Re: [PATCH v2 2/6] futex: Use RCU-based per-CPU reference counting instead of rcuref_t

From: André Draszik
Date: Wed Jul 30 2025 - 08:23:20 EST


On Thu, 2025-07-10 at 13:00 +0200, Sebastian Andrzej Siewior wrote:
> From: Peter Zijlstra <peterz@xxxxxxxxxxxxx>
>
> The use of rcuref_t for reference counting introduces a performance bottleneck
> when accessed concurrently by multiple threads during futex operations.
>
> Replace rcuref_t with special crafted per-CPU reference counters. The
> lifetime logic remains the same.
>
> The newly allocate private hash starts in FR_PERCPU state. In this state, each
> futex operation that requires the private hash uses a per-CPU counter (an
> unsigned int) for incrementing or decrementing the reference count.
>
> When the private hash is about to be replaced, the per-CPU counters are
> migrated to a atomic_t counter mm_struct::futex_atomic.
> The migration process:
> - Waiting for one RCU grace period to ensure all users observe the
>   current private hash. This can be skipped if a grace period elapsed
>   since the private hash was assigned.
>
> - futex_private_hash::state is set to FR_ATOMIC, forcing all users to
>   use mm_struct::futex_atomic for reference counting.
>
> - After a RCU grace period, all users are guaranteed to be using the
>   atomic counter. The per-CPU counters can now be summed up and added to
>   the atomic_t counter. If the resulting count is zero, the hash can be
>   safely replaced. Otherwise, active users still hold a valid reference.
>
> - Once the atomic reference count drops to zero, the next futex
>   operation will switch to the new private hash.
>
> call_rcu_hurry() is used to speed up transition which otherwise might be
> delay with RCU_LAZY. There is nothing wrong with using call_rcu(). The
> side effects would be that on auto scaling the new hash is used later
> and the SET_SLOTS prctl() will block longer.
>
> [bigeasy: commit description + mm get/ put_async]
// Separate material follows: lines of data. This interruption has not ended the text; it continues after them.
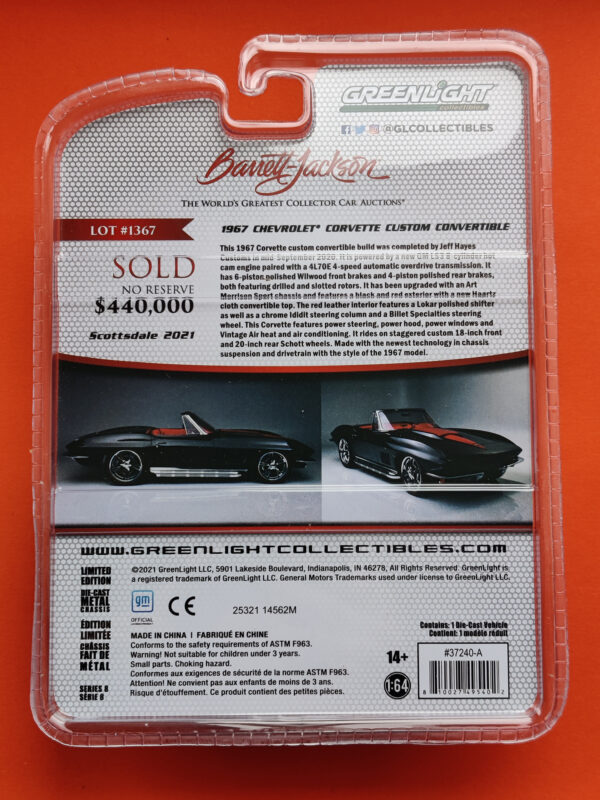 '67 Chevrolet Corvette Convertible (Barrett Jackson Series 8: 50th Anniversary - 2021)
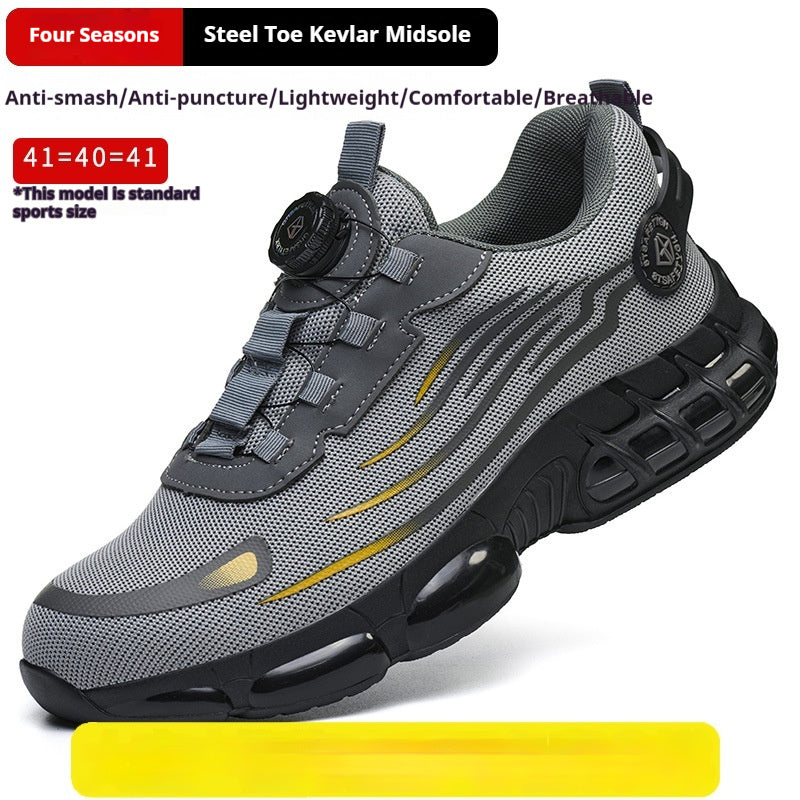 Men's Safety Shoes With Knobs To Prevent Smashing And Shoelace Punctures - cas7m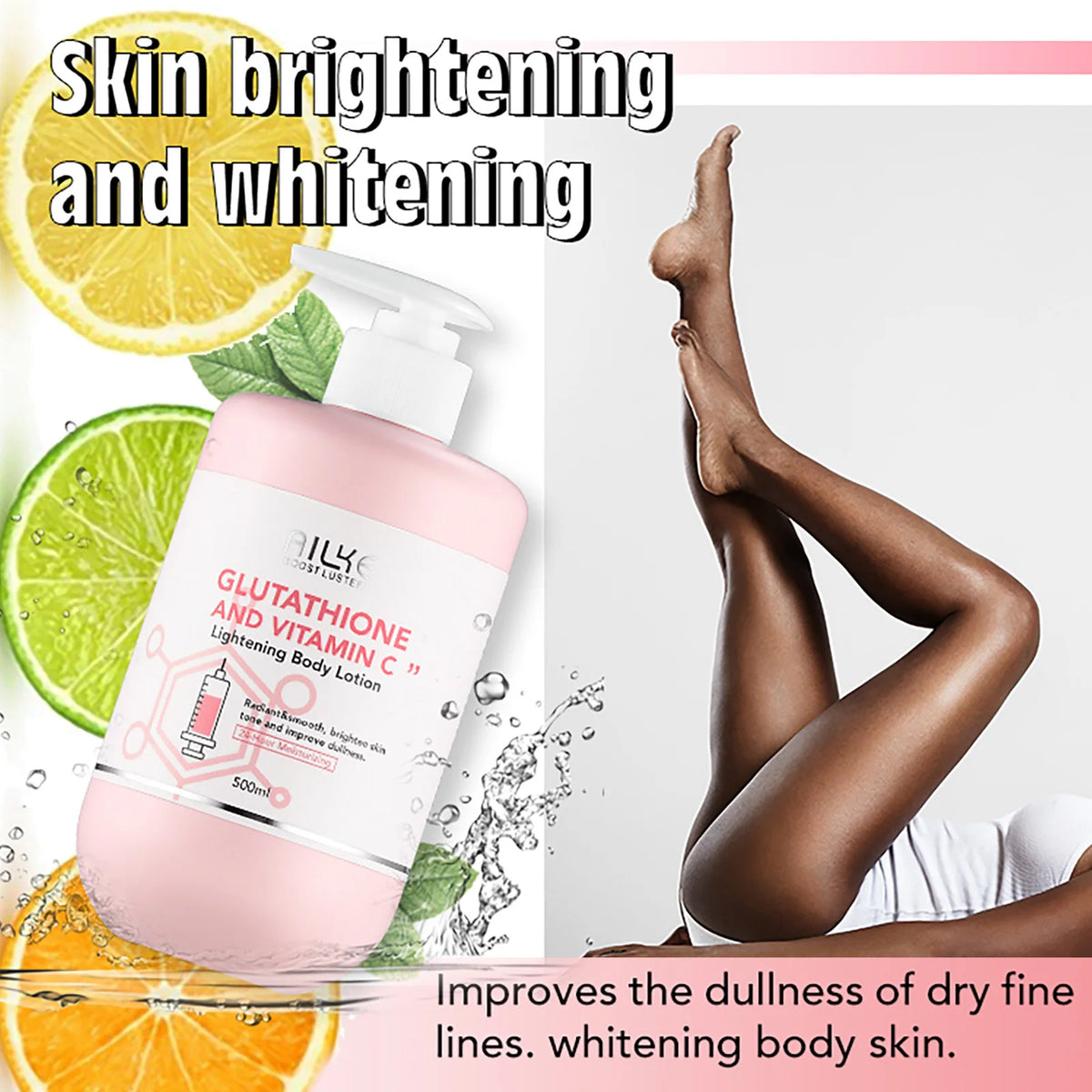 AILKE Vitamin C Whitening Moisturizing Face And Body Lotion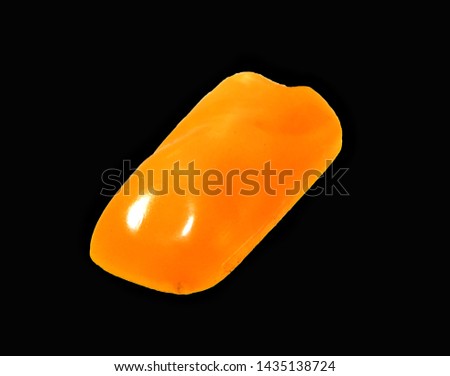                                amber isolated on white background
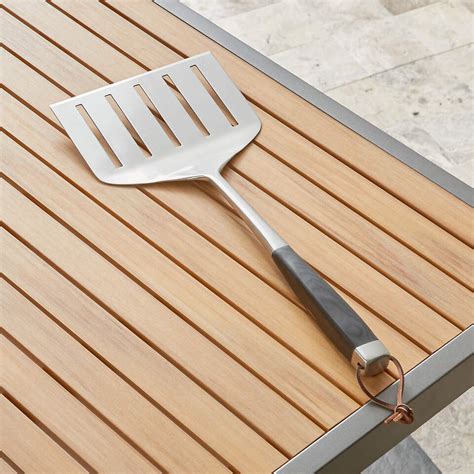Wood Handled Oversized Spatula Crate And Barrel Ksa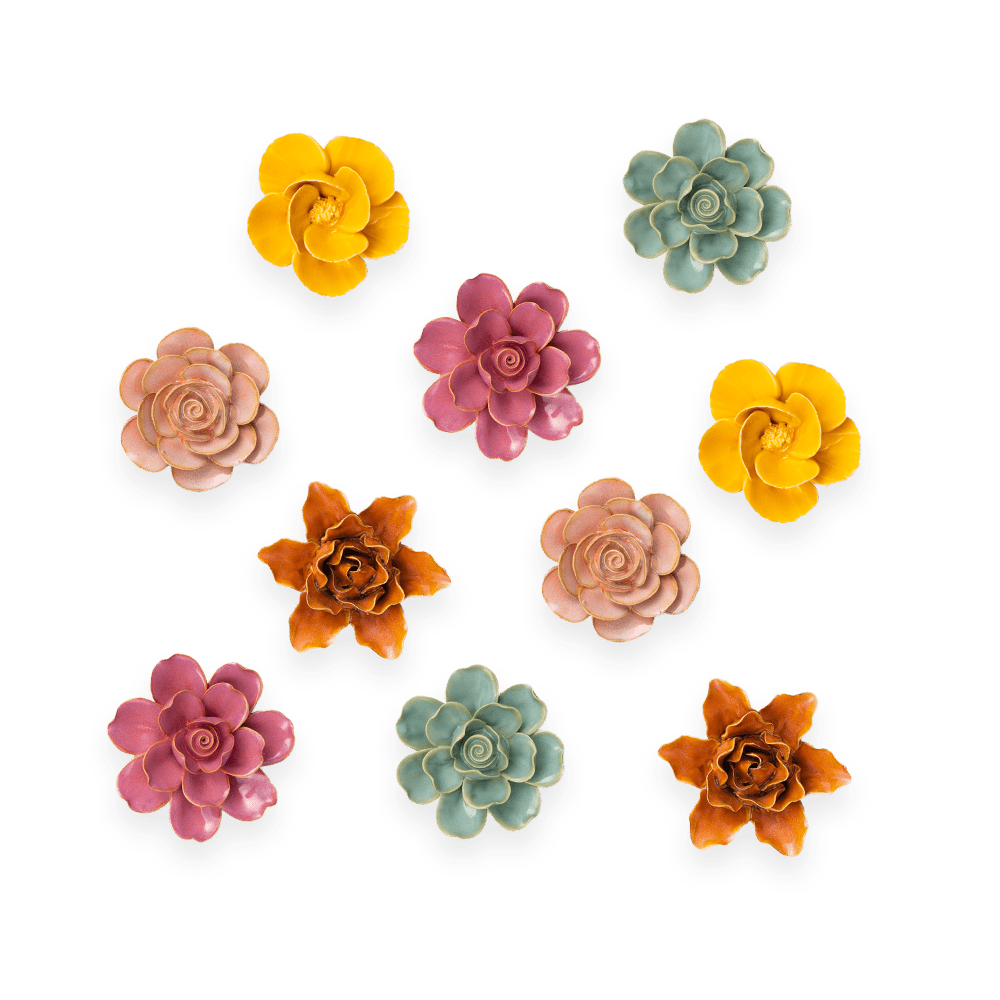 Ceramic Flower France Curated Collection #16 - Chive UK Wholesale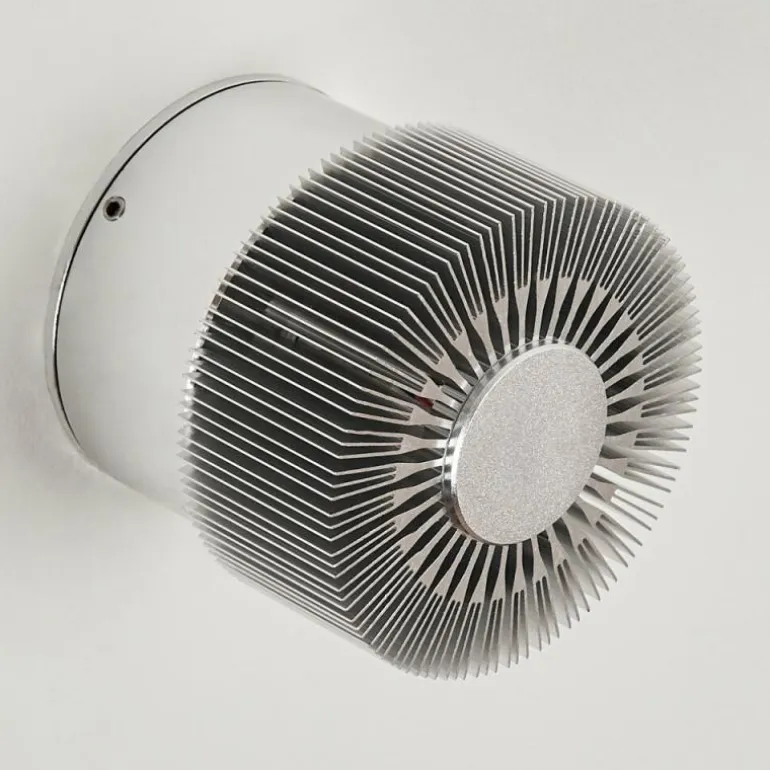 Applique murale d'extérieur Vilches LED Aluminium, Argenté, 1 lumière
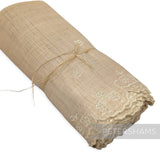 *Sale* BULK 30cm Wide Floral Pattern Raffia Straw Fabric - 8.5m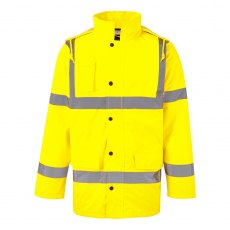 Fort Hi Vis Motorway Jacket Yellow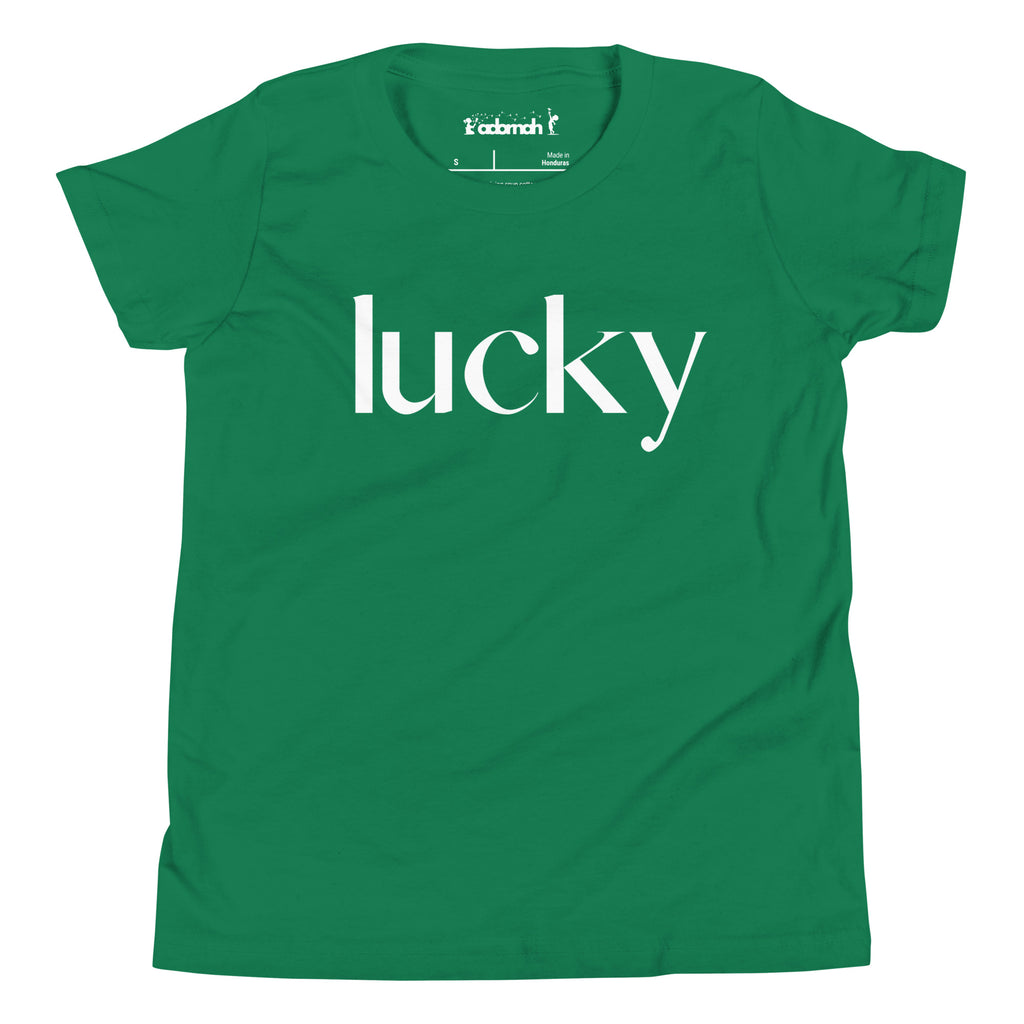 Lucky - Youth Saint Patrick's Day Holiday T-Shirt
kmemleak complains about a new memleak with this commit:

[ 680.179004][ T101] kmemleak: 1 new suspected memory leaks (see /sys/kernel/debug/kmemleak)

$ cat /sys/kernel/debug/kmemleak
unreferenced object (percpu) 0xc22ec0eface8 (size 4):
comm "swapper/0", pid 1, jiffies 4294893115
hex dump (first 4 bytes on cpu 7):
01 00 00 00 ....
backtrace (crc b8bc6765):
kmemleak_alloc_percpu+0x48/0xb8
pcpu_alloc_noprof+0x6ac/0xb68
futex_mm_init+0x60/0xe0
mm_init+0x1e8/0x3c0
mm_alloc+0x5c/0x78
init_args+0x74/0x4b0
debug_vm_pgtable+0x60/0x2d8
do_one_initcall+0x128/0x3e0
do_initcall_level+0xb4/0xe8
do_initcalls+0x60/0xb0
do_basic_setup+0x28/0x40
kernel_init_freeable+0x158/0x1f8
kernel_init+0x2c/0x1e0
ret_from_fork+0x10/0x20

And futex_mm_init+0x60/0xe0 resolves to
mm->futex_ref = alloc_percpu(unsigned int);
in futex_mm_init().

Reverting this commit (and patches 3 and 4 in this series due to context),
makes kmemleak happy again.

Cheers,
Andre'